The Nevada Democrat requested and received the July 24 hearing before the committee, during which he will present evidence to support a federal crime investigation of The Fundamentalist Church of Jesus Christ of Latter Day Saints, a spokesman said.

Jon Summers, who works in Reid's Washington, D.C., office, said Reid and others are set to testify.

"He is trying to step up federal enforcement against abuses that often occur in these polygamous sects," Summers said Monday.

Reid has pushed for several years to get the U.S. Attorney's Office to form a federal task force to look at polygamous sects and has renewed that effort because current Attorney General Michael B. Mukasey "seems more receptive to it," Summers said.

"We have the states working together to combat this, but assistance from the federal government could also be helpful to protect women and kids," he said.

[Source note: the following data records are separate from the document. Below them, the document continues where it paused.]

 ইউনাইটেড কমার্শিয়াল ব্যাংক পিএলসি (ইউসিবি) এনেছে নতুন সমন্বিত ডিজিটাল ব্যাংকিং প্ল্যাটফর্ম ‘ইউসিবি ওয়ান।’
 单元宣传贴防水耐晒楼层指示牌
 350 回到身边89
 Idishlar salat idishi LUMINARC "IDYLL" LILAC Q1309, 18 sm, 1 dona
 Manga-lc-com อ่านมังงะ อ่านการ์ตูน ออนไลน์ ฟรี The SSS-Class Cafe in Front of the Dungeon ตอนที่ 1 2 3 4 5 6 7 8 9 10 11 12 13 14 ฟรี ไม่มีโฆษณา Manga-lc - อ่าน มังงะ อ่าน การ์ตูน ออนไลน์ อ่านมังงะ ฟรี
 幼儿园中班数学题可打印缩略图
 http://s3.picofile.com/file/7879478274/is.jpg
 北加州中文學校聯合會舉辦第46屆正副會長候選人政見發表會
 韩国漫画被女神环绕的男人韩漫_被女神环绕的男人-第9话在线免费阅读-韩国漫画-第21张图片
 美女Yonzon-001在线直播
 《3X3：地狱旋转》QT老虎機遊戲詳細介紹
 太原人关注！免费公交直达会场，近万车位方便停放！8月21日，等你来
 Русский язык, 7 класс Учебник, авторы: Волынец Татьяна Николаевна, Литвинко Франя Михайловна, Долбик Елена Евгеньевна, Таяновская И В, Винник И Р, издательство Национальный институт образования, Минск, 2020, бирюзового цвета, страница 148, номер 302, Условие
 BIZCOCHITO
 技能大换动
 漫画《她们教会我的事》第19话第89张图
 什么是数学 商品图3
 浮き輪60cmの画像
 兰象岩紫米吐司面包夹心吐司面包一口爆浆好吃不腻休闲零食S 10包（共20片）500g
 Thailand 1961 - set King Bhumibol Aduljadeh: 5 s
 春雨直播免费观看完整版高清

Reid sent Mukasey a letter in April asking for his help in fighting "pervasive criminal activity" occurring in polygamous groups - specifically, the FLDS.

Over the past two decades, the states of Utah and Arizona have prosecuted cases of sexual abuse, bigamy and sexual conduct with minors involving FLDS members. The U.S. Department of Labor also has cited some FLDS businesses for violating child labor laws.

Reid contends that the FLDS are an organized crime syndicate that has engaged in bribery, extortion, fraud, embezzlement, witness tampering and labor violations. He wants the Justice Department to launch a federal racketeering investigation.

U.S. Attorney for Utah Brett Tolman has resisted that idea, saying that the federal government already is working with the states to investigate crimes in polygamous sects. Utah Attorney General Mark Shurtleff also has pushed for a racketeering investigation of the FLDS.

"I think it is very significant and is following through with Senator Reid's commitment to get the federal government involved," said Shurtleff, who will testify before the committee.

Rod Parker, a Salt Lake City attorney and FLDS spokesman, said the Senate committee should give equal time at the hearing to sect members.

"The important point is if they really want to find out what is happening, they need to hear from both sides," Parker said. "They cannot take at face value these accusations. A lot of them are unfounded and the people making them don't know what they are talking about."

FLDS member and spokesman Willie Jessop was more blunt.

"I think the people they are calling [to testify] have the same amount of credibility as Rozita Swinton," said Jessop, referring to the Colorado Springs woman whose hoax call triggered a raid on a Texas ranch occupied by the sect.